About the job
Join Our Mission at Helion
Helion is pioneering the future of energy as a leading fusion power company headquartered in Everett, WA. Our ambitious goal is to construct the world's first fusion power plant, paving the way for limitless clean electricity. We envision a future where energy is not only clean and reliable but also affordable for all.
Since our inception in 2013, Helion has successfully raised over $1 billion from esteemed investors, including Sam Altman, Mithril, Capricorn Investment Group, SoftBank, and Lightspeed, to advance our innovative efforts. Our latest prototype, Trenta, has demonstrated remarkable capabilities, achieving 10,000 high-power pulses and plasma temperatures of 100 million degrees Celsius (9 keV). Currently, we are operating Polaris, our next-generation prototype, on the journey towards the first fusion power plant.
This is an extraordinary time to join Helion. As a Site Reliability Engineer, you will confront real-world challenges alongside a dedicated team that values urgency, rigor, ownership, and transparency.
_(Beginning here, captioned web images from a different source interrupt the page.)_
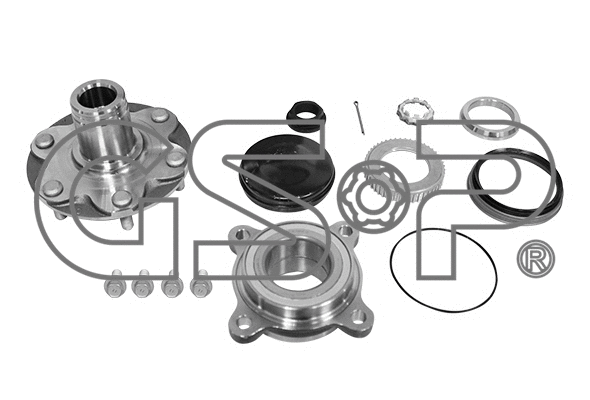 Wheel Hub (GK0Y22)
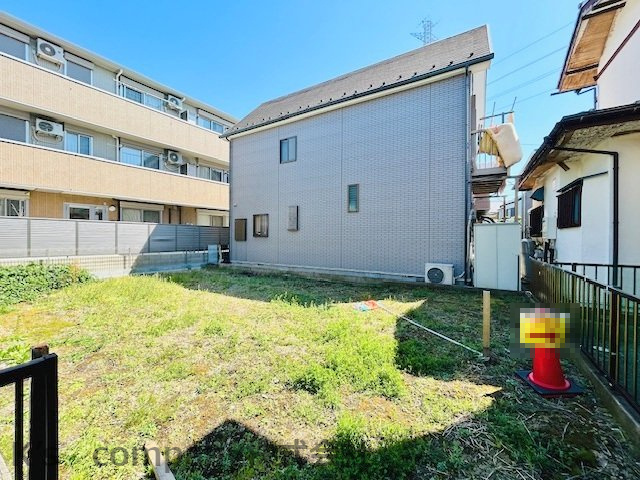 ◎寒川町岡田2丁目　建築条件なし　売地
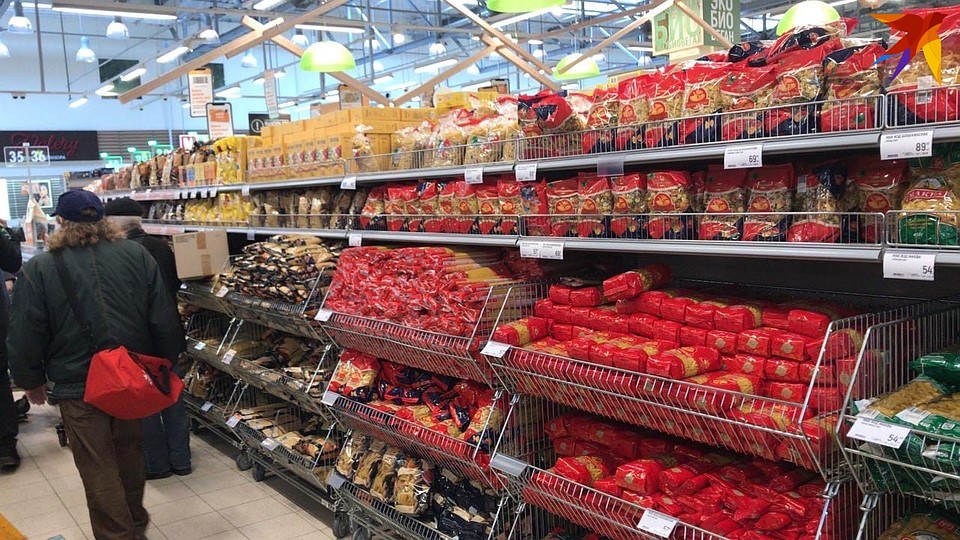 По категориям повышенного спроса сформирован товарный запас Фото: Алина ПЕТРОВА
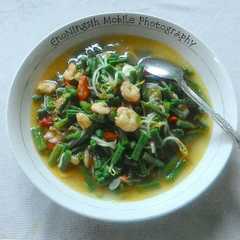 รูปของ Tumis Kacang Panjang Seafood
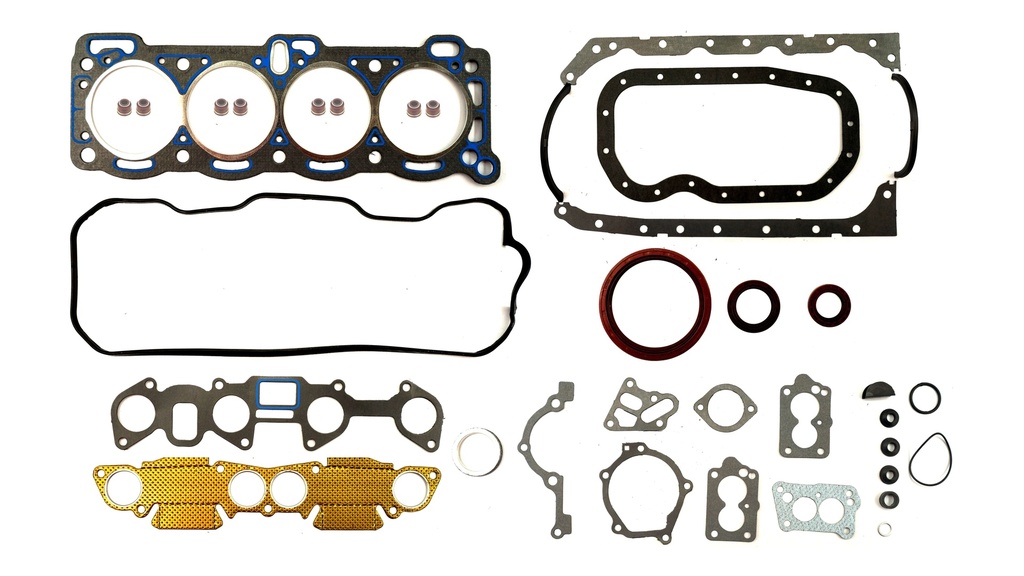 FC-FSX-3840080 — Juego de Empaques Completo ISUZU Pickup 2.3L 1986-1987
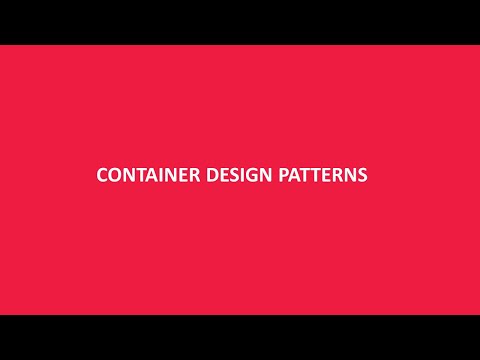 Container Design Patterns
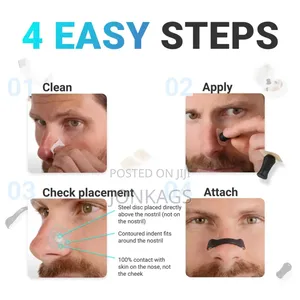 Magnetic Nose Strip Pack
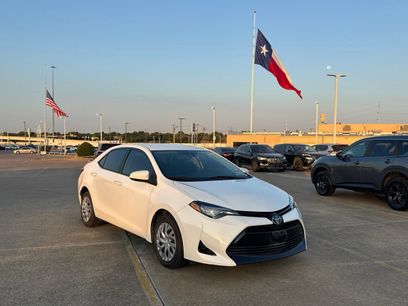 Used 2017 Toyota Corolla LE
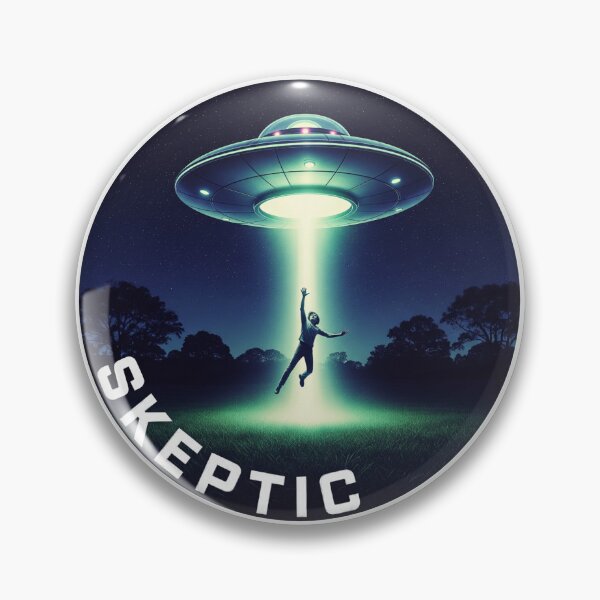 Item preview, UFO Skeptic designed and sold by DanG8.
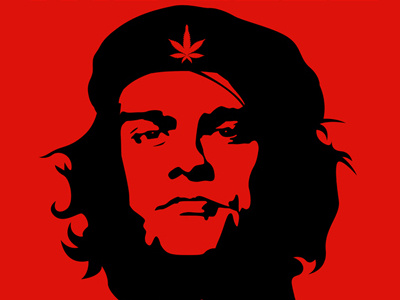 Bert Guevara icon illustration merchandise theused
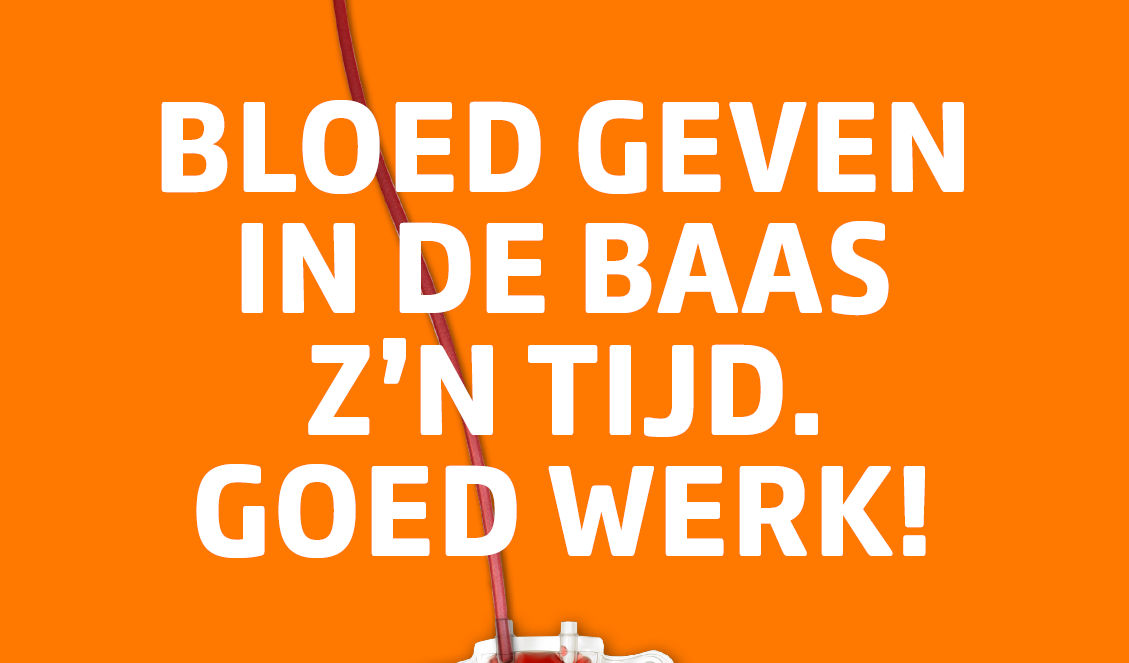 Sanquin at Work: giving blood in the boss's time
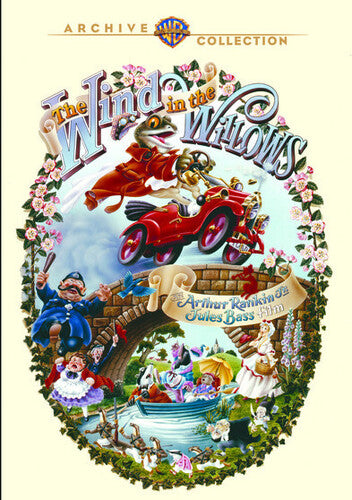 The Wind in the Willows - DVD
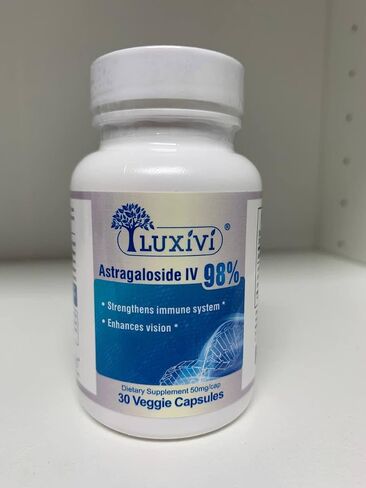 Astragaloside IV 98% Astragalus Root Extract Healthy Supplements from, 50mg/Cap 30caps in Saudi Arabia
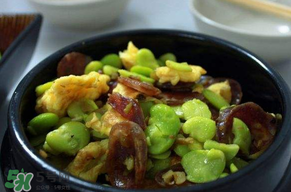 青豆和雞蛋能一起吃嗎？青豆能和雞蛋一起吃嗎？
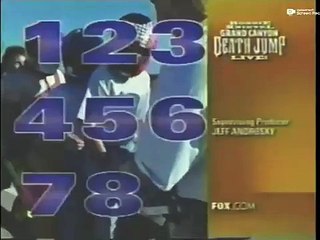 Robbie Knievel's Grand Canyon Jump LIVE! FOX Split Screen Credits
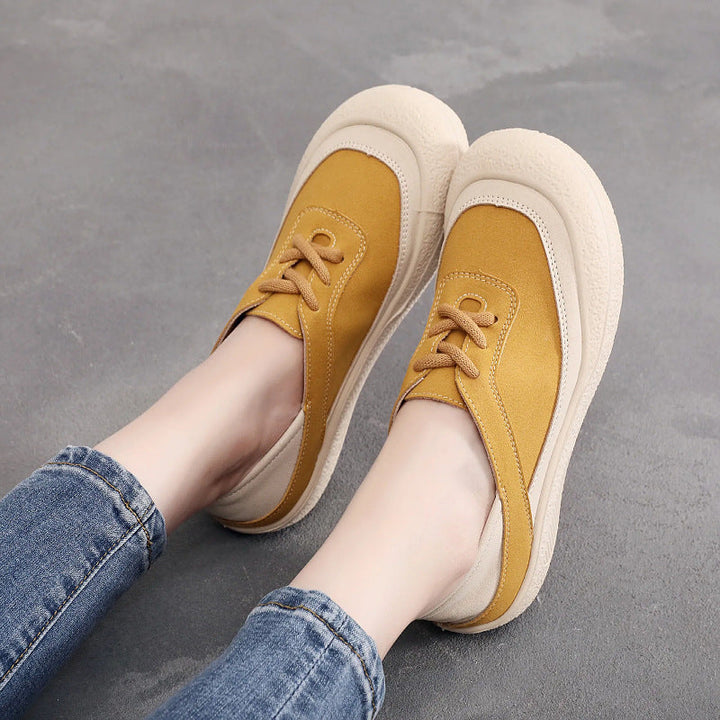 Women's casual sneakers with unique design Mune Fashion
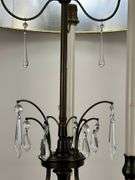 Pair of Vintage 39” Stiffel 3 bulb lamps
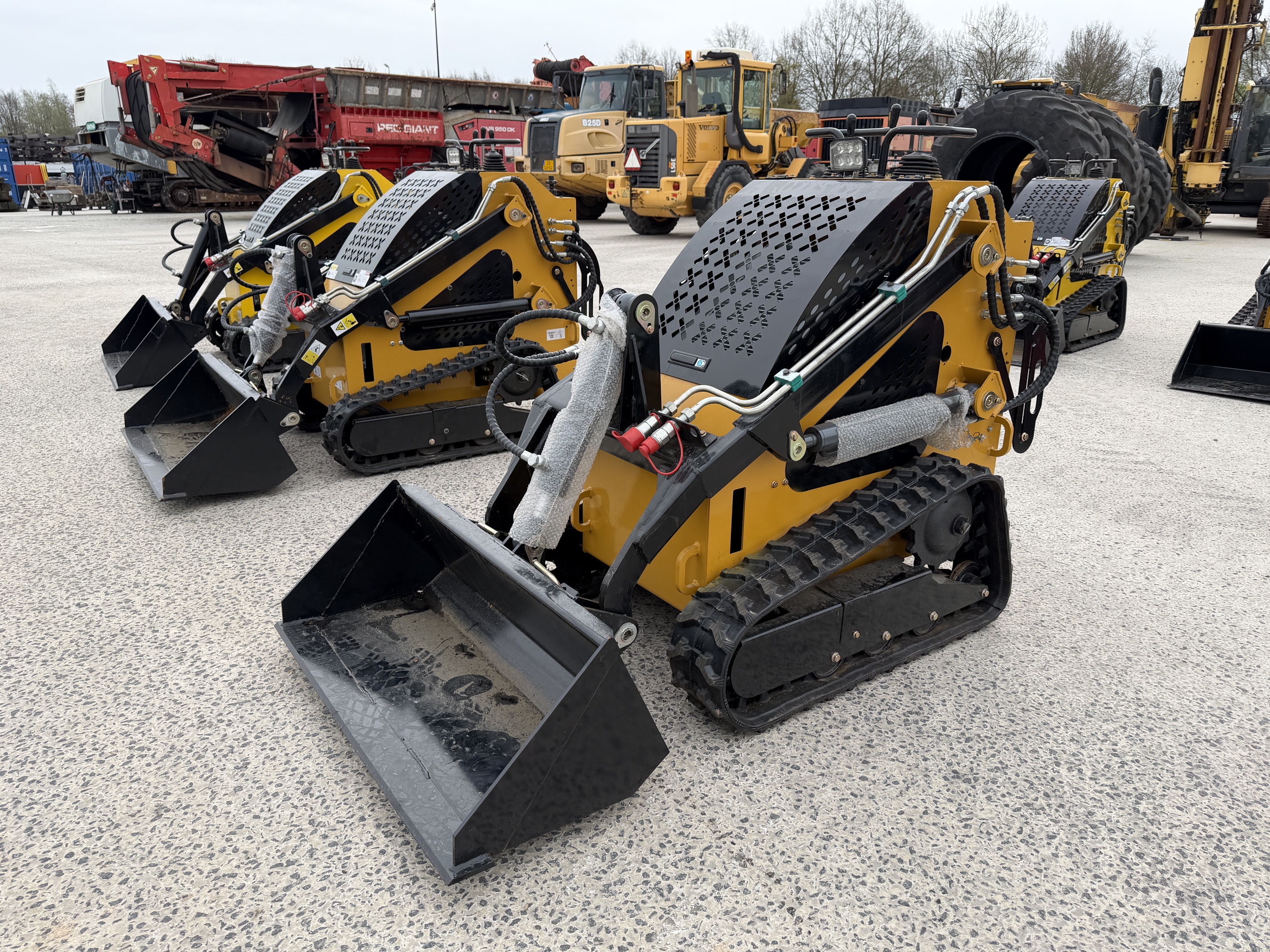 Delano T360 Skid Steer Loader 2025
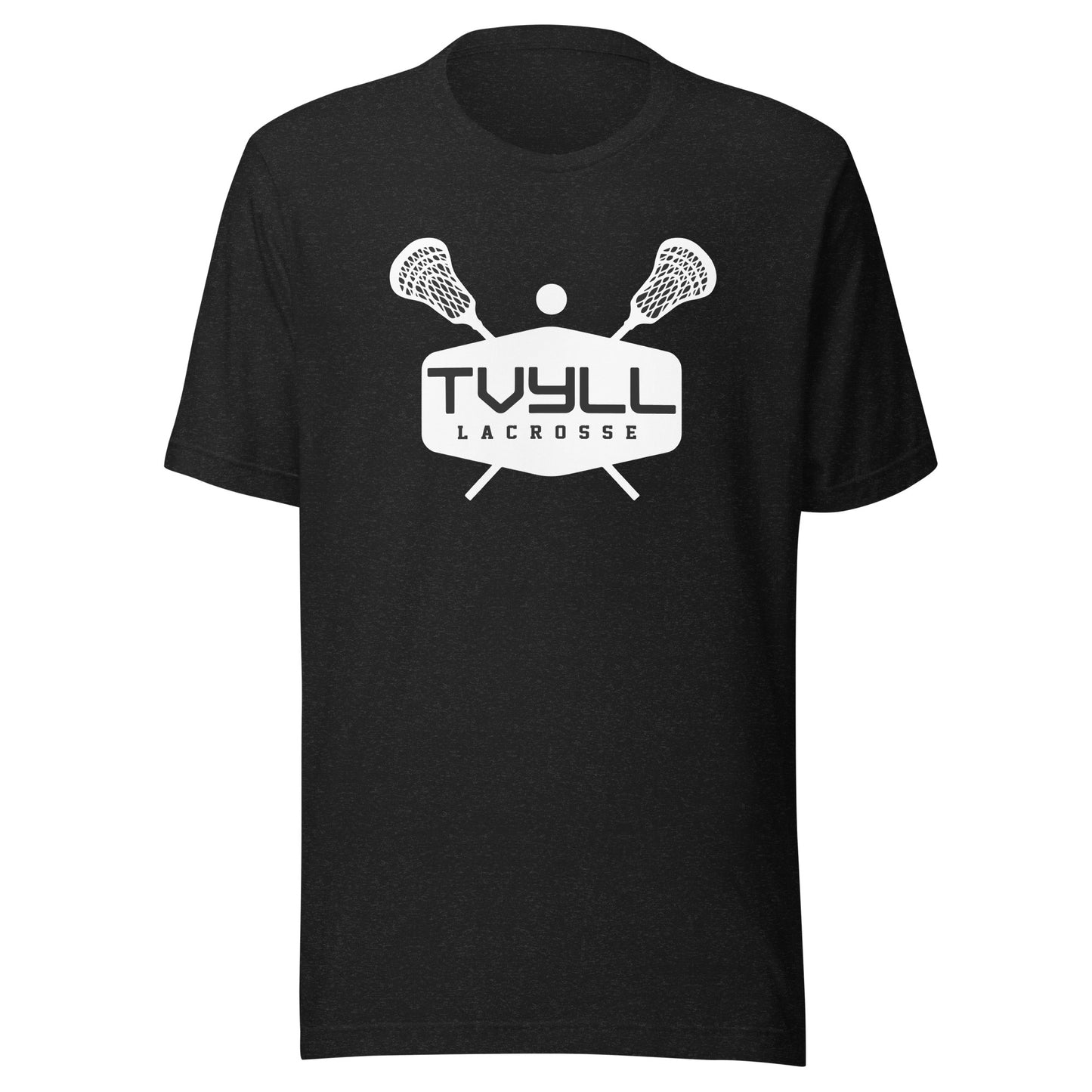 Adult TVYLL Lacrosse Bella + Canvas T-shirt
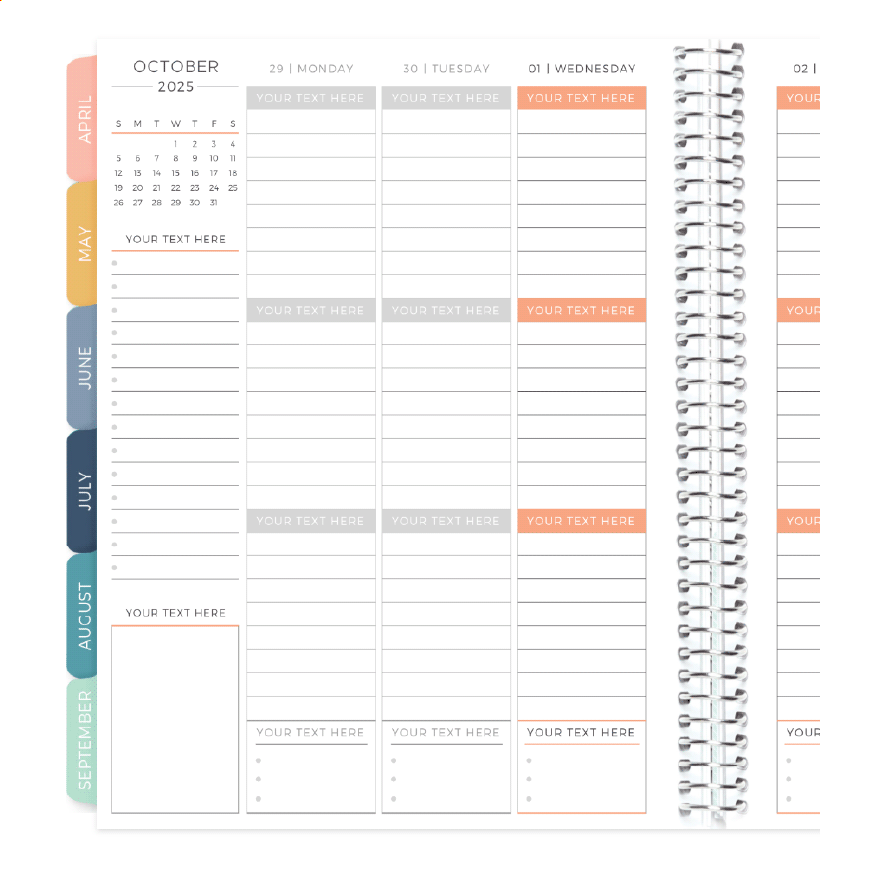 7" x 9" and 8.5" x 11" Version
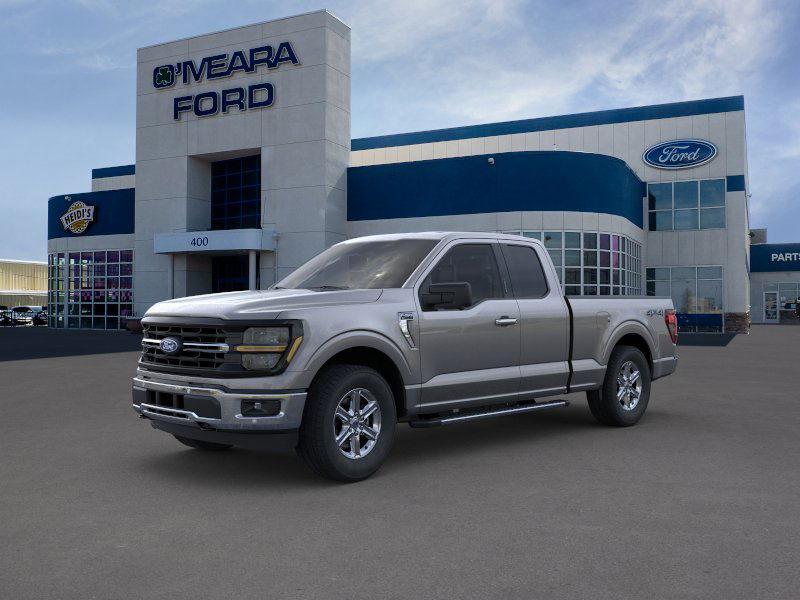 new 2024 Ford F-150 car, priced at $51,825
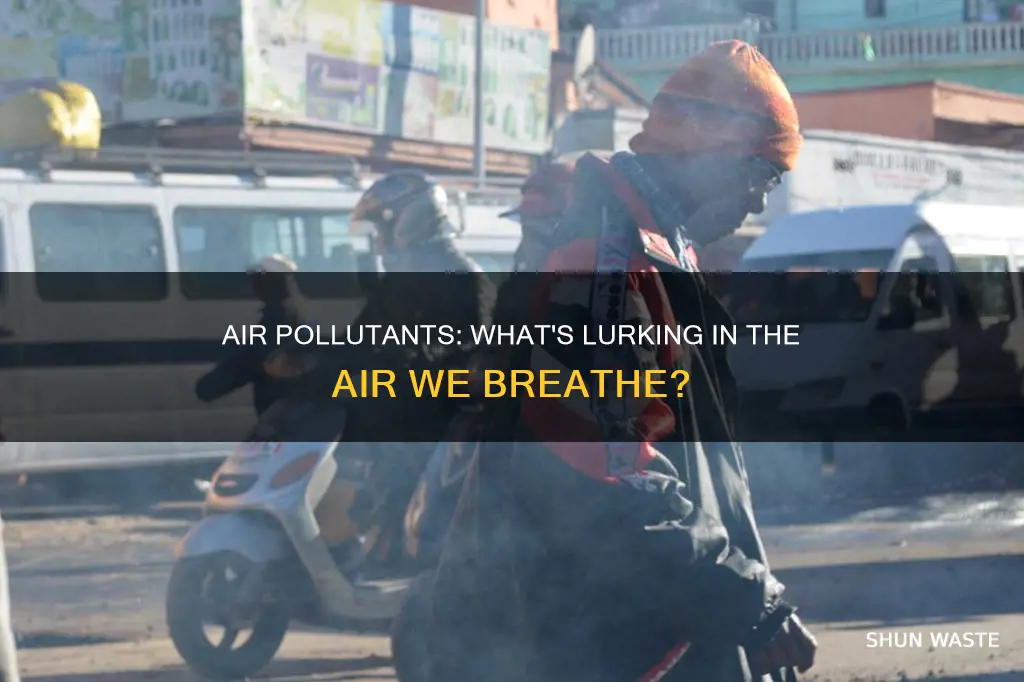 what are ambient air pollutants called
Your contributions will be vital in transforming the energy landscape, because the world cannot afford to wait.
Your Responsibilities:
Partner with engineering teams to design scalable, fault-tolerant systems aligned with performance and reliability objectives.
Establish and manage Service Level Indicators (SLIs), Service Level Objectives (SLOs), and Service Level Agreements (SLAs); implement error budgets and reliability metrics.
Lead incident responses, perform root cause analyses, and facilitate postmortem procedures.
Develop and maintain automation for deployment, monitoring, and infrastructure management utilizing tools such as Terraform, Kubernetes, and CI/CD pipelines.
Create and sustain observability platforms to monitor system health in real-time and enable proactive alerting.
Anticipate system demands and enhance performance through load testing and optimization strategies.
Collaborate with security teams to ensure infrastructure adherence to compliance and security standards.
Champion best practices and foster a culture of reliability and continuous improvement.